Every infant goes through teething episodes. While they’re normal and good signs of development, they often bring lots of discomfort, pain, and tears for your baby. They often cause flushed cheeks, swollen or blistered gums, irritability, and unsettled behavior in babies.
Another symptom of teething is excessive drooling. It helps soothe babies’ tender gums when a new tooth erupts, but it could cause “drool rashes.” They’re typically harmless and shouldn’t hurt your baby.
However, drool rashes can persist, especially due to frequent rubbing on the baby’s skin from clothing, hugging, or playing. Before they become serious and cause more discomfort to your babies, here are ways to treat and prevent them effectively and safely at home:
Clean and Dry Rashes
The quickest way to treat drool rashes at home is by keeping them clean and dry. Until they clear up, bathe your baby at least once every single day. Always use warm water, ideally between 37°C and 38°C (98.6°F).
Note that babies’ skin is still very thin and sensitive. If the bath water is too hot, it can quickly scald them in seconds. Hence, before putting your bub into the bath, always check the water’s temperature first with your wrist or elbow or a bath thermometer if you’re hesitant.
Opt for a gentle, fragrance-free soap or nonsoap cleanser as well. Consider visiting Dr. Talbot’s products. They’re among the highly recommended safe choices for babies as they only use natural ingredients. You can also explore relief and medicine options for infant allergies and other natural wellness products for adults on their site.
Apart from washing, you can also keep the rashes clean with a burp cloth or rag. Use them to wipe your baby’s drool. However, only use clean items and use them gently on your baby’s skin to avoid further inflaming the rashes or hurting your baby’s skin.
Use Emollient Creams on Rashes
Emollients are substances commonly used in skin products. Creams with this ingredient keep the skin hydrated by forming a protective film that traps moisture in the skin. That’s why these products are also called “barrier creams.”
For babies, emollient creams don’t only hydrate their skin but also keep their drool rashes dry and clean. They can even prevent rashes since they provide a water barrier that keeps their saliva from irritating their sensitive skin.
Here are the most recommended emollient creams that are safe for your baby:
- Lansinoh lanolin cream
However, always be extra careful when choosing products to use on your baby, even if they’re only topical. It’s always advised to seek medical advice from a pediatrician first. This is very important since other allergy symptoms are similar to drool rashes. If you misdiagnose your baby’s rashes, it could complicate your baby’s underlying condition.
Don’t use scented healing balms or other skin products on your baby, too. Products with fragrances, dyes, and other chemicals are widely known as skin irritants to babies. If they’re used on drool rashes, they could cause more irritations.

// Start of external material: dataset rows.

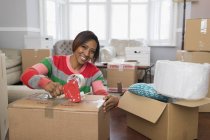 Ritratto sorridente, donna felice taping scatola di cartone, casa in movimento — Foto stock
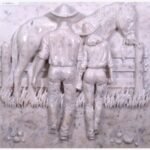 A hand-carved white marble relief panel depicting a cowboy and cowgirl holding hands by a wooden fence with a horse, showcasing intricate textures of western heritage art.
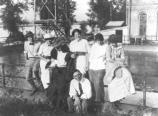 Harry Truman and Bess Wallace with friends at Waterworks Park near Sugar Creek, Missouri, October 1913. L to R: William Rugg, Nell Rugg, Frank Wallace, May Southern, Julia Rugg and Bess Wallace. Harry Truman seated in front. Harry S. Truman Library 82-58-14.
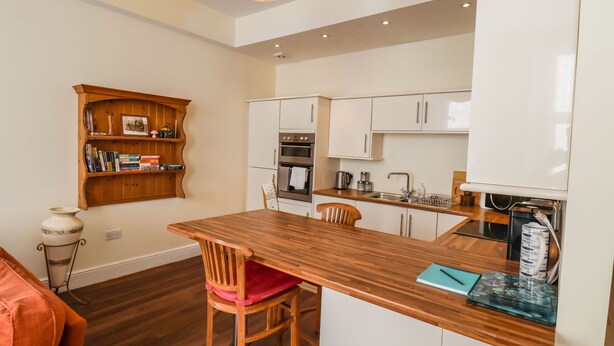 Una cocina moderna con armarios blancos, una isla de madera y un horno empotrado.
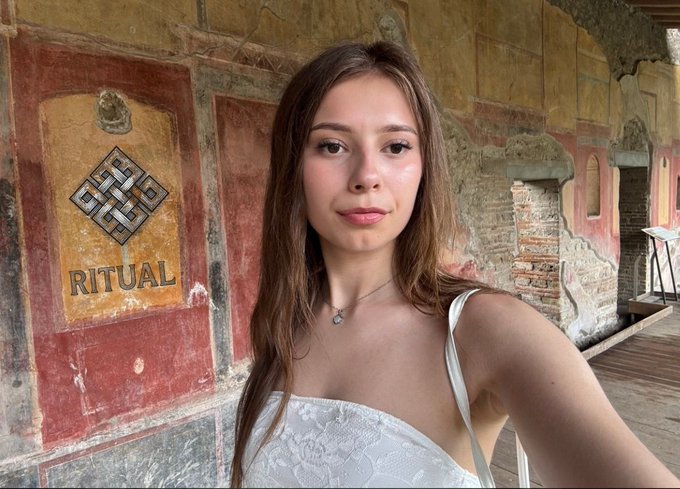 A young woman taking a selfie in front of an ancient Roman wall with red and yellow frescoes, one panel displaying a Celtic knot symbol with the word 'RITUAL'.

Not only do these substances irritate the skin, but they also worsen other existing allergies in babies. Research has shown that they can cause allergy flare-ups as bad as life-threatening breathing difficulties, particularly in babies with asthma.
Instead, use emollient creams with natural moisturizers like shea butter and other natural ingredients. When applying them, wipe any saliva off your baby’s face first. Once dry, apply them multiple times a day to maintain hydration.
Give Babies Teething Rings
Teething rings are among the ways to prevent drool rashes. Babies can bite them on, so they help distract them from their discomfort due to their teething. When they feel less pain, they’re likely to drool less, which, in turn, prevents teething rashes from occurring.
Before giving teething rings to your baby to use, it’s recommended to put them in the fridge first. The cool temperature helps relieve their sore and painful gums. Each teething ring is designed differently, so always read its instructions on how long you should cool it.
Be sure not to put teething rings in the freezer. When they’re completely frozen, they can be so hard to bite for babies. These can worsen their already swollen gums. Additionally, very low temperatures may cause frostbite on their lips or gums.
Moreover, here are other precautions on teething rings that you need to know:
- Toxic Chemicals – Always read the labels of teething rings before buying them. If they contain bisphenol A (BPA), also labeled as phthalates or fragrances, avoid them at all costs. They soften plastic products but can be dangerous for infants once ingested.
- Liquid-Filled Teething Rings – When babies chew these, their liquids may spill out, which poses choking hazards. Opt for teething rings made of natural rubber instead.
Some parents also use teething gels. However, the Food and Drug Administration (FDA) advised to stick to non-medical teething rings. They warned the public that these gels contain benzocaine, another toxic chemical for babies. The evidence that proves they’re effective is still lacking as well.
Drool rashes are typically accompanied by tiny, red raised bumps on a baby’s face, neck, or chest. Note that these rashes, alongside teething, don’t typically cause fever. If your little one’s temperature is higher than normal and looks unwell, immediately bring them to the nearest pediatrician before their condition worsens.